FOR IMMEDIATE RELEASE
May 14, 1999

Joe Wills
530-898-4143

Opera Group to Perform on China Tour

Music students and faculty from California State University, Chico will celebrate the Opera Workshop’s 40th anniversary by traveling to China next fall to perform at China’s most prestigious conservatories.

Ying Yeh, director of the Opera Workshop and one of China’s best-known opera singers, will lead a group of about 20 music students to China Nov. 18-25. Music department chair James Bankhead will also be part of the contingent, along with other faculty, parents and alumni.

Yeh and the students will perform at China’s top music conservatories in Beijing and Shanghai, as well the Beijing Language and Culture University and the music conservatory in the city of Xi’an, the historic former capital of China.

While visiting the three Chinese cities, the group will take time to see the Great Wall, the Forbidden City, Tian’anmen Square, the Terra-Cotta Warriors and other landmarks.

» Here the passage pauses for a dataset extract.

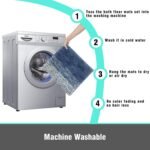 Vaukki Luxury Soft Bathroom Rugs Set of 2, Non Slip Washable Plush Bath Floor Mats, Microfiber Shaggy Absorbent Striped Bath Carpet for Tub, Bathroom and Shower (18''x26''+20''x32'', Blue) - Image 5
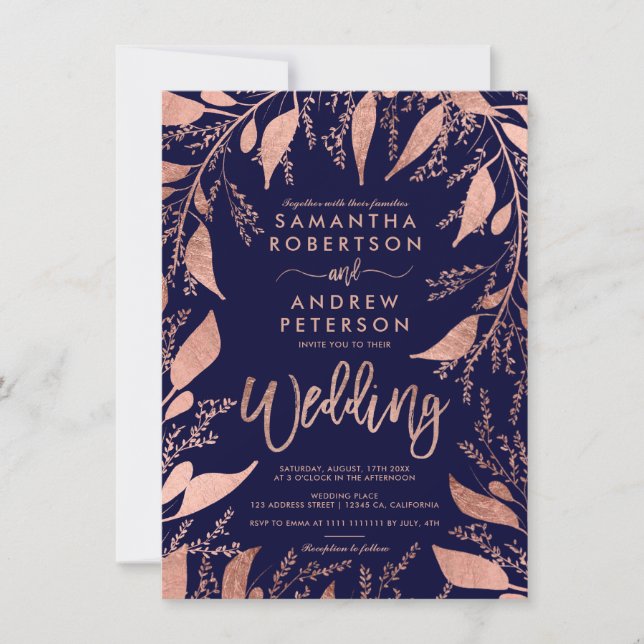Floral rose gold typography navy blue chic wedding invitation (Front)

In addition, the group will rendezvous with English professor Frank Li and 15 CSU, Chico students who will be spending the fall semester at the Beijing Language and Culture University. This is the first year of CSU, Chico’s Beijing Semester program.

Yeh said a television station in Beijing is planning to do a news feature about the visit of CSU, Chico students and faculty.

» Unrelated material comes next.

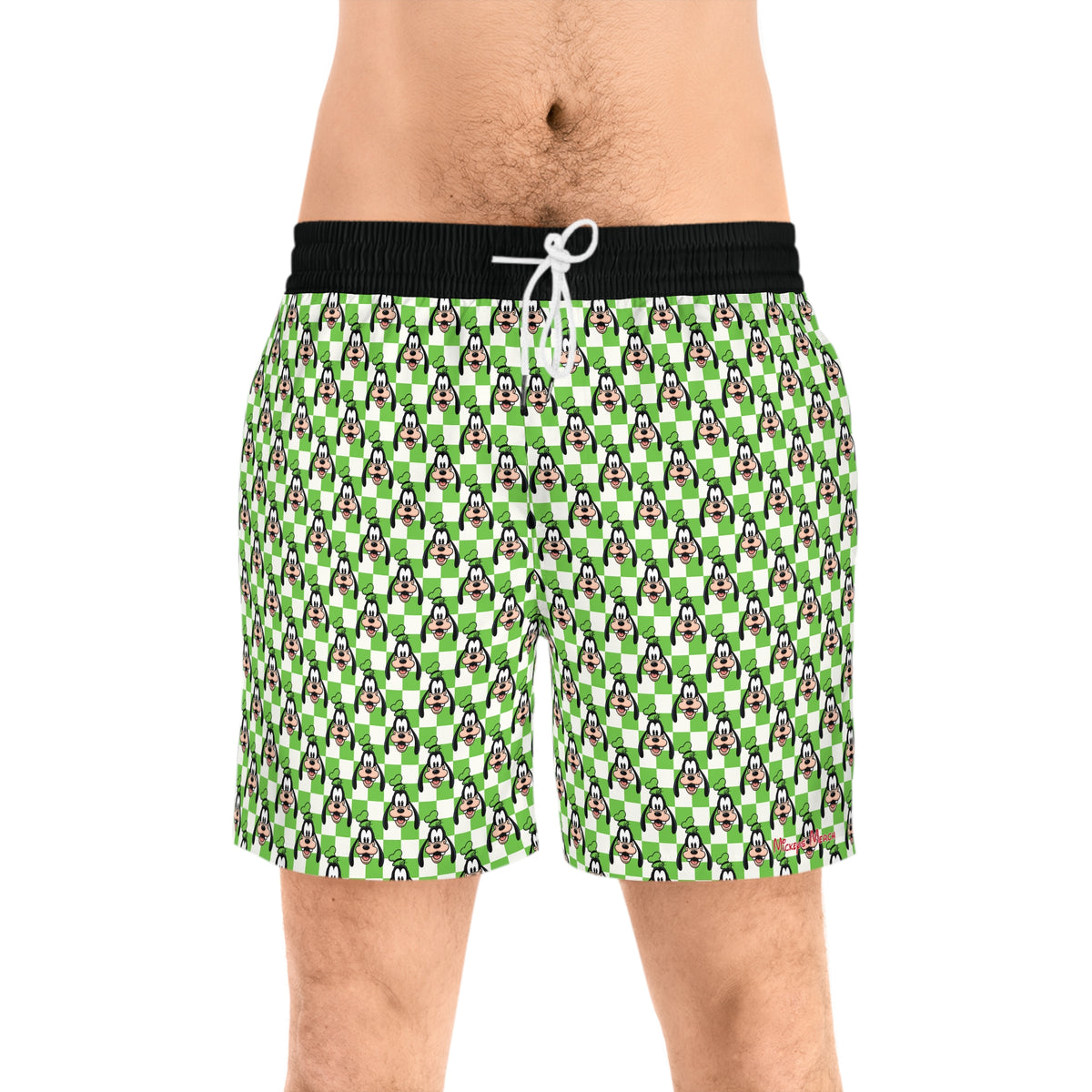 Green Checkerboard Goofy Swim Trunks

“I don’t think we have ever led a student group like this to China before,” said Yeh. “It is a tremendous opportunity for them to explore a different culture and share our music.”

The students are planning to perform standard opera pieces, American pieces and some Chinese music.

The China trip is open to all CSU, Chico faculty staff, students and alumni. The cost will be $1,595, which includes transportation, lodging and meals for the eight-day trip. For more information about the trip, call 530-898-4082.

Yeh said people in China are embracing classical music more and more. Last year, Puccini’s “Turandot” was produced in China’s Forbidden City, and it was extremely popular, she said.

Yeh, the first opera singer permitted to leave China and perform internationally after the Cultural Revolution, was videotaped earlier this year by a visiting Chinese television crew for a special Chinese New Year broadcast Feb. 16.

The two-and-one-half hour Chinese New Year broadcast, produced and aired by Chinese Central TV, was one of the most-watched programs in China, which has a population of 1.2 billion people.

CSU, Chico’s Opera Workshop, founded in 1959, offers young singers the opportunity to work closely with music faculty and perform a wide range of opera and operetta music. Recent productions have included Mozart’s “The Marriage of Figaro,” Puccini’s “La Boheme” and the spring 1999 production of Verdi’s “La Traviata.”